Using the Text – Builtin Converter for Text Files

The new text converter, Text – Builtin, replaces our original technique that used Word to convert text files. This approach works but lacks customization. It can also require manual steps to handle non-standard page sizes and wide-format text files.

When you update to the latest version of Document Conversion Service, this converter is already enabled and ready to handle your text files. To check this, use the DCS Dashboard to go to DCS Settings, then Edit DCS Configuration. Set the Text – Builtin converter to Auto or On. If it was Off, you need to restart the Document Conversion Service to pick up the changes.

Convert Text to PDF When the Text File Has Formfeeds

Text files have existed since the early days of computing and the advent of disk storage in the 1960s. They are still an essential way to store data today. During this era of dot matrix line printers, the need to manage printed output and be able to separate text content into pages led to the introduction of the ASCII form feed character.

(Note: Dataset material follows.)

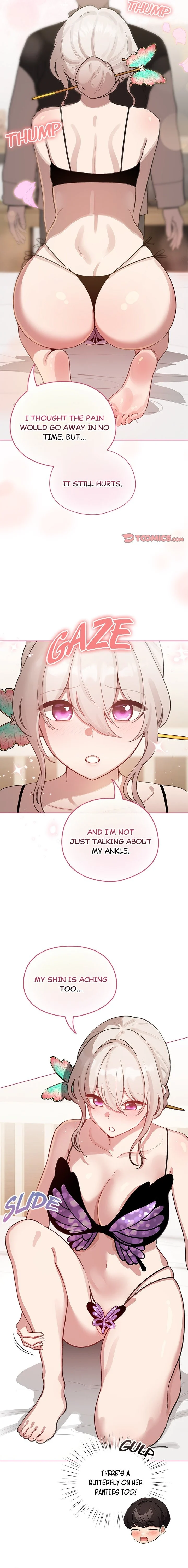 Making It in a Comic Book World chapter 41 page 2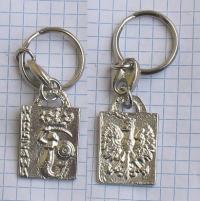 brelok Syrena Warszawa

This character, ASCII code 12 (0x0C in hexadecimal, FF in text editors), tells the printer to move to the top of the next page and continue printing. Form feeds became an integral part of operating systems, programming languages, and text editors for controlling the layout of printed text. It remains in use today.

When you convert text to PDF, the form feed character in your text file signals when to start a new page. Now that we know when to start a page, the next step is determining the page size needed to display our text.

Using the Courier New font at 10 points, we scan the text in the document to calculate the page size using the form feed as the end-of-page marker.  With our calculated page size, we look for the closest paper size match in the Document Conversion Service printer’s forms list. We use the matching page size when creating the PDF file. When no match is found, the default action is to use a Letter-sized page (8.5in x 11in) in the PDF file.

Convert Text to PDF For Text Without Formfeeds

When a text document has no form feeds, there is no indication of where a page break is supposed to be. In this case, the entire document is essentially a single page.

Using the Courier New font at 10 points, we scan the text in the document to calculate the closest matching page size in the Document Conversion Service printer’s forms list. Intelligent pre-sets control that this page size is not smaller than 8in x 8in. When there is no match, we split the text onto a Letter-sized (8.5in x 11in) page.

Setting the Text Page Size

The smart AutoDetect mode in our text converter means you don’t have to worry about the page size and cut-off text in your PDF files. Depending on the lines of text and how wide they are, we find a matching page size or default to a Letter-sized (8.5in x 11in) page.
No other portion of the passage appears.